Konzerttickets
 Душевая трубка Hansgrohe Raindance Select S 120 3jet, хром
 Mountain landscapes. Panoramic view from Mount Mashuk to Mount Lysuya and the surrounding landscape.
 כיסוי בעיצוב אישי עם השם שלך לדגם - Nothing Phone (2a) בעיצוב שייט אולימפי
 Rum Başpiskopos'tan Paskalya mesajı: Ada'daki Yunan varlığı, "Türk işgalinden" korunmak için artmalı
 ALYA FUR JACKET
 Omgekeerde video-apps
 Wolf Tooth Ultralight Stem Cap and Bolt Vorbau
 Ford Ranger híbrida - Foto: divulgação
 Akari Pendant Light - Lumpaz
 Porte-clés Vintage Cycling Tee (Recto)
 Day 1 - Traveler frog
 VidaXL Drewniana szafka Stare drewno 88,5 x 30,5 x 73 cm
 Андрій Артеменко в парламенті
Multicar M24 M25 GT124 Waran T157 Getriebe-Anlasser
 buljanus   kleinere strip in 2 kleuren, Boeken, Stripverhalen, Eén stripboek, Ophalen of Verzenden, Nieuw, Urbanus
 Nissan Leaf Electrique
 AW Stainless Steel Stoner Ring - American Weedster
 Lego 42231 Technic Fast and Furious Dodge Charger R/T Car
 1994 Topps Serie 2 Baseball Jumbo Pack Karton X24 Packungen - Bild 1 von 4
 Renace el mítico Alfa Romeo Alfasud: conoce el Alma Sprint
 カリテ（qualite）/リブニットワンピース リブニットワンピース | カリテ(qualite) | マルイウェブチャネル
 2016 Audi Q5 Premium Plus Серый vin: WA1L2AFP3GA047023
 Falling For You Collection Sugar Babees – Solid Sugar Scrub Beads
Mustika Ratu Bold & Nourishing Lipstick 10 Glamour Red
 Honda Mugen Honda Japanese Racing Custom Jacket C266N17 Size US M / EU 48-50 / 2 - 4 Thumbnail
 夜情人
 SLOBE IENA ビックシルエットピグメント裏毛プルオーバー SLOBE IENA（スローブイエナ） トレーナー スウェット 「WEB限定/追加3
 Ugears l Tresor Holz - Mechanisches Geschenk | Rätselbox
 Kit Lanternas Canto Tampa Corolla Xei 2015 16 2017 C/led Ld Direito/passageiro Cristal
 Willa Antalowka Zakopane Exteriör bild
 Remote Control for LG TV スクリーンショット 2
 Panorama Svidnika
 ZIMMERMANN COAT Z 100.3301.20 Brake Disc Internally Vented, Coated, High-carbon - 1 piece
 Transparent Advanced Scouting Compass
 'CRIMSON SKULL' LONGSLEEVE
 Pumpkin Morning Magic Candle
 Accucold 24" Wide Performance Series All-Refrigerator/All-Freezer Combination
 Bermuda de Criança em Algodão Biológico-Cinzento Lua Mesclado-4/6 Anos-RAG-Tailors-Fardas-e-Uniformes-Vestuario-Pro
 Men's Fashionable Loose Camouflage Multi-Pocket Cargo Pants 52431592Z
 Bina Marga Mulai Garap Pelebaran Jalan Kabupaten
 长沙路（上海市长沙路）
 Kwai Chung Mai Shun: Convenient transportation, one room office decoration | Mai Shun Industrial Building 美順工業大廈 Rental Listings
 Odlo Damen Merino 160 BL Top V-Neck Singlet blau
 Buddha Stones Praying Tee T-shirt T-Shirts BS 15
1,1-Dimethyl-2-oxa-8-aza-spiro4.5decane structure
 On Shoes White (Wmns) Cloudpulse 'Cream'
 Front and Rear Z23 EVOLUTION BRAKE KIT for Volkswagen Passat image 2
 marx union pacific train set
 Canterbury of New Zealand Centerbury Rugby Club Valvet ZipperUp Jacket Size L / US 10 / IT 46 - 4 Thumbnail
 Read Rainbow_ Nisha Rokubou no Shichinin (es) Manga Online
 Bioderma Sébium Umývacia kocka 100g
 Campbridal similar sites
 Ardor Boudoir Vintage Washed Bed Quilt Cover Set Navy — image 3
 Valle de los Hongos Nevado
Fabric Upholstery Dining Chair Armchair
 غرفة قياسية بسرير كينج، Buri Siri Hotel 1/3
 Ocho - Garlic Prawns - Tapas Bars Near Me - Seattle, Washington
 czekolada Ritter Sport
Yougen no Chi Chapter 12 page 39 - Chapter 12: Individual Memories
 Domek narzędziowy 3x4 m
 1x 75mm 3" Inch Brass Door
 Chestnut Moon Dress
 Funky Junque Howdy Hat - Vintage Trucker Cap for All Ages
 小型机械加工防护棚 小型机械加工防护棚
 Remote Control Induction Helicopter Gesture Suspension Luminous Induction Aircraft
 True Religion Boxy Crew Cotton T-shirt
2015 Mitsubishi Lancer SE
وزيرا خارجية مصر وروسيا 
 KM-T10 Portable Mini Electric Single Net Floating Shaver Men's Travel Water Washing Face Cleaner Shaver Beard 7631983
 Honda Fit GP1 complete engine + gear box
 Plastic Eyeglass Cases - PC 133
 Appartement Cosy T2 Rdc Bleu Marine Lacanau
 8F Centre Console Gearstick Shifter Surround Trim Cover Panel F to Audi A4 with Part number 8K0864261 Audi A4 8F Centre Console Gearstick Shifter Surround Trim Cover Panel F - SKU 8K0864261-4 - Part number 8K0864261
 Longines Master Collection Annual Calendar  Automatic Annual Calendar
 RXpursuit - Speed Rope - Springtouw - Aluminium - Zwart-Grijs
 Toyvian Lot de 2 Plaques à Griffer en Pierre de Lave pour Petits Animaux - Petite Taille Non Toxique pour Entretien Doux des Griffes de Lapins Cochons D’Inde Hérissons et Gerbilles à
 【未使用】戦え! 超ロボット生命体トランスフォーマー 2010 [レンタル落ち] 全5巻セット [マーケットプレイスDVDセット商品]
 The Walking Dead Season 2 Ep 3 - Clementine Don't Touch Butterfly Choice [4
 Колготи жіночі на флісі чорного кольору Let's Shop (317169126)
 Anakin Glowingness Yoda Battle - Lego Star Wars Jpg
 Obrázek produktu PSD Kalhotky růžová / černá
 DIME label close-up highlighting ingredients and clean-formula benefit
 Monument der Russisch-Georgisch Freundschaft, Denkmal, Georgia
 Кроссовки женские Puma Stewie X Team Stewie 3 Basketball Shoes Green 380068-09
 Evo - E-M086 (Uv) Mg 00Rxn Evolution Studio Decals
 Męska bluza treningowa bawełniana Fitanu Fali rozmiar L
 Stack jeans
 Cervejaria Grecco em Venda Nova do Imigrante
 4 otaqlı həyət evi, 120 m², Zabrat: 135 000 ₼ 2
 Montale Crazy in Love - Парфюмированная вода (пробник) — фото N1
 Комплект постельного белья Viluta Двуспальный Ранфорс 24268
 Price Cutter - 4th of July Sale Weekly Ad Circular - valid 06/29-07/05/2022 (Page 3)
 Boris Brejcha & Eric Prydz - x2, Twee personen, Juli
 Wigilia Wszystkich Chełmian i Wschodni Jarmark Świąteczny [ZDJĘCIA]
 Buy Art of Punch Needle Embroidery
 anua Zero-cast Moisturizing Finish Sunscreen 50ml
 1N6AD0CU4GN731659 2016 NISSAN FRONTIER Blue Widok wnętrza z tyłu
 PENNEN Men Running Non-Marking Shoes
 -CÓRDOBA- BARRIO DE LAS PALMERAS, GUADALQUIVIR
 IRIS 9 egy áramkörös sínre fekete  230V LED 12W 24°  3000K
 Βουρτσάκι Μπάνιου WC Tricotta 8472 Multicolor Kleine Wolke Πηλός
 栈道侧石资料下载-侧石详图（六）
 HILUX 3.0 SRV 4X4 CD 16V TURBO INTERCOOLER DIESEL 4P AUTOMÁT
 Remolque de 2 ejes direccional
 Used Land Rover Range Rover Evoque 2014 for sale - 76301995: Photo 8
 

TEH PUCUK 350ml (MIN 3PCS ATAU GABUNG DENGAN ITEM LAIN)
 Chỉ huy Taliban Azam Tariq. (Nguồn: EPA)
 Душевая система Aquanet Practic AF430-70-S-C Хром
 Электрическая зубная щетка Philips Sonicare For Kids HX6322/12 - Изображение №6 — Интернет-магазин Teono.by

What the task asks:
Where the string "Size" occurs in a line of the listing, copy the line.

Answer below:
 Honda Mugen Honda Japanese Racing Custom Jacket C266N17 Size US M / EU 48-50 / 2 - 4 Thumbnail
 Canterbury of New Zealand Centerbury Rugby Club Valvet ZipperUp Jacket Size L / US 10 / IT 46 - 4 Thumbnail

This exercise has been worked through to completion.